M. Pychyl affirme qu’en matière de procrastination, le moi présent l’emporte toujours. « Le moi présent se dit “Chouette, je ne suis pas obligé de le faire!’’. Mais le moi futur déteste le moi présent. Par conséquent, plus nous mettons le moi futur au premier plan, moins nous sommes tentés de choisir la procrastination. »

Qu’en est-il des étudiants au premier cycle?

Même si la plupart des conseils ci-dessus peuvent s’appliquer aux étudiants au premier cycle, M. Pychyl souligne que la situation de ces étudiants est unique. « Leur problème, c’est qu’ils ne se rendent pas vraiment compte du travail qui les attend en septembre. Mais les étudiants aux cycles supérieurs devraient le savoir. En octobre, les étudiants au premier cycle se retrouvent dans une situation difficile, car ils ont accumulé beaucoup de retard et leur stress est réel. Je dirais que les problèmes de santé mentale sur le campus sont en bonne partie attribuables à la procrastination. Quand on néglige certaines choses, c’est vrai qu’on se retrouve en mauvaise posture. »

3. Pensez de manière concrète

M. Pychyl cite d’autres travaux de recherche démontrant que lorsque nous pensons aux choses de manière concrète, nous les ancrons dans le présent et ressentons un sentiment d’urgence à leur égard. À l’inverse, les choses que nous envisageons de manière abstraite nous semblent appartenir à l’avenir. Par conséquent, plus vos pensées sont concrètes, plus vous êtes susceptible d’agir.

« Si je demande à l’un de mes étudiants aux cycles supérieurs sur quoi il travaille et qu’il me répond “ma thèse”, je lui dis “alors tu ne fais rien du tout”. Sa réponse est trop abstraite. Mais s’il me répond “dans la section que vous avez commentée, j’ai du mal à trouver une phrase de transition convenable”, je me dis qu’il est bel et bien en train de travailler. »
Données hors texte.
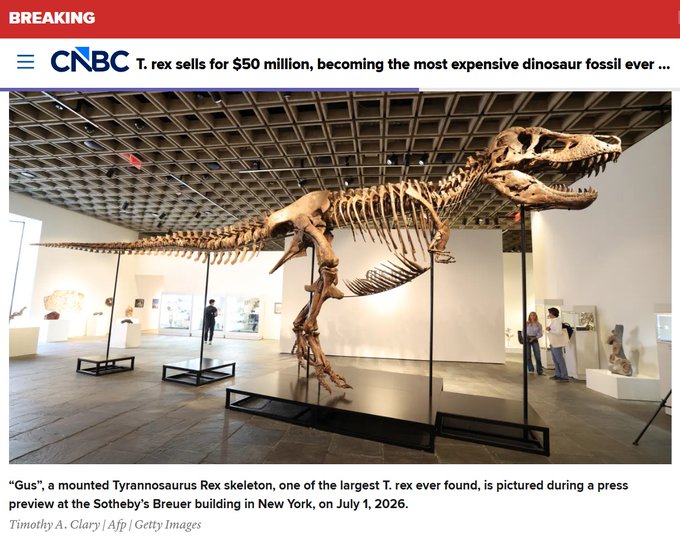 A mounted Tyrannosaurus rex skeleton nicknamed "Gus" is displayed at Sotheby's in New York before its $50 million sale, making it the most expensive dinosaur fossil ever sold. The image supports the Korean post joking that fossil prices are skyrocketing and urging people to quit crypto and go back to school for paleontology.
4. Concrétisez vos intentions

Peter Gollwitzer, professeur de psychologie à l’Université de New York, fait valoir un autre élément lié à la procrastination qu’il a nommé l’intention de concrétisation (implementation intention). M. Pychyl explique qu’il existe une différence entre l’intention d’objectif (écrire un article, par exemple) et l’intention de concrétisation (choisir quel comportement adopter le moment venu). Pour illustrer ce concept, il donne un exemple tiré de sa propre expérience : il ne passait pas la soie dentaire. Il a donc trouvé l’intention de concrétisation suivante : chaque fois qu’il prend sa brosse à dents et son dentifrice, il doit poser la soie dentaire sur le comptoir.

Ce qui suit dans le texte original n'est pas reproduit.